Sentença mantida. (TJCE, Apelação Cível - 0007010-43.2019.8.06.0178, Rel.
Desembargador(a) BENEDITO HELDER AFONSO IBIAPINA PORT. 967/2022, 4ª Câmara Direito Privado, data do julgamento: 12/07/2022, data da publicação: 12/07/2022). Nestes termos, caberia à parte autora a prova dos fatos constitutivos de seu direito, nos termos do art. 373, inciso I, do CPC.
Compulsando os autos, verifico ausência de prova dos danos alegados na exordial. Basicamente, narram os requerentes que a demandada vem realizando cobranças indevidas decorrente de compra cancelada, bem como que vêm sendo impedidos de realizar compras no site e aplicativo da empresa promovida.
Todavia, não acostaram aos autos quaisquer documentos para comprovar tais alegações. Neste sentido, observo que a parte requerente sequer acostou aos autos comprovação das alegadas cobranças indevidas, tampouco do suposto impedimento para realizar compras no site/aplicativo da requerida, não tendo comprovado, ainda que minimamente, as alegações constantes na preambular. Ademais, sequer seria possível cogitar a incidência da teoria do desvio produtivo do consumidor, posto que a promovente não demonstrou que tivesse perdido muito de seu tempo na solução da questão posta em juízo. Assim, não há como se concluir que o aborrecimento suportado pela autora foi suficientemente grave a ensejar indenização moral em seu favor.
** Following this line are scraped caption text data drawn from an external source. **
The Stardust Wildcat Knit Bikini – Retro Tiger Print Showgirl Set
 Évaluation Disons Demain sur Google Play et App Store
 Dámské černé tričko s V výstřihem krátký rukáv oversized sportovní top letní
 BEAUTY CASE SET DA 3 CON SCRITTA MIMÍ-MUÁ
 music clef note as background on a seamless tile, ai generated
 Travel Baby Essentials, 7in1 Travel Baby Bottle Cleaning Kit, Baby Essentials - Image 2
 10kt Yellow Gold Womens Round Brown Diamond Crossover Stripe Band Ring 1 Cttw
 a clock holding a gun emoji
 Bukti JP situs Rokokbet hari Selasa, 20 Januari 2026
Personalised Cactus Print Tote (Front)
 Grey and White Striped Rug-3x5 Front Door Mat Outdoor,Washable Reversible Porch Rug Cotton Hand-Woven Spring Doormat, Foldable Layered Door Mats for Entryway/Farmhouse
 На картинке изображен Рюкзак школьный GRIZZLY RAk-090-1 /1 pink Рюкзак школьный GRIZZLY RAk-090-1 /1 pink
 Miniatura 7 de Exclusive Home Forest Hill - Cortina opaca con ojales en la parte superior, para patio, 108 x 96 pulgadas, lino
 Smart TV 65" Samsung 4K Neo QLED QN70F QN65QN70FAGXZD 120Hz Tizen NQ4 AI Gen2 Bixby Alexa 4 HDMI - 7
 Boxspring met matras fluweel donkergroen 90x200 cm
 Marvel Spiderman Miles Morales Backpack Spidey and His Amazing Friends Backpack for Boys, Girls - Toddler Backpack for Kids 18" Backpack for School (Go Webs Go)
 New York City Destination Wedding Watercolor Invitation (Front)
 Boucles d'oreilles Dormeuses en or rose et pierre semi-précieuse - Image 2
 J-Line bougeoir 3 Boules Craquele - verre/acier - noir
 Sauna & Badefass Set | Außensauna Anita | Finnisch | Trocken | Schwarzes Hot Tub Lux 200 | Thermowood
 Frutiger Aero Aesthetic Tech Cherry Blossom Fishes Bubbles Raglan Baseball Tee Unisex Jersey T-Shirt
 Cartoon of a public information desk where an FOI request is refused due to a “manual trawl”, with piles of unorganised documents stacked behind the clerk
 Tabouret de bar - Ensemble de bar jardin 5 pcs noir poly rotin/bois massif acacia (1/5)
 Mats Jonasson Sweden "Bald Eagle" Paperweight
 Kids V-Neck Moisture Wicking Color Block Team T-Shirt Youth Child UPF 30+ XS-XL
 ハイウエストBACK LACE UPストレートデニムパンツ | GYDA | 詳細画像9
Isso porque, mero aborrecimento não configura de per si os danos morais pleiteados. Assim, para que se configure o dano moral indenizável, a dor, o sofrimento, a tristeza, o vexame impingidos, devem ser tais que, fugindo à normalidade, interfiram intensamente no comportamento e no bem estar psíquicos do indivíduo.
No caso sub judice não se vislumbra como os fatos descritos na inicial possam ter ocasionado sensações mais duradouras e perniciosas ao psiquismo humano, além do incômodo, do transtorno ou do contratempo, característicos da vida moderna e que não configuram o dano moral. De se ressaltar que a tutela dos danos morais abrange aqueles que tenham real gravidade e, assim, mereçam do direito este amparo.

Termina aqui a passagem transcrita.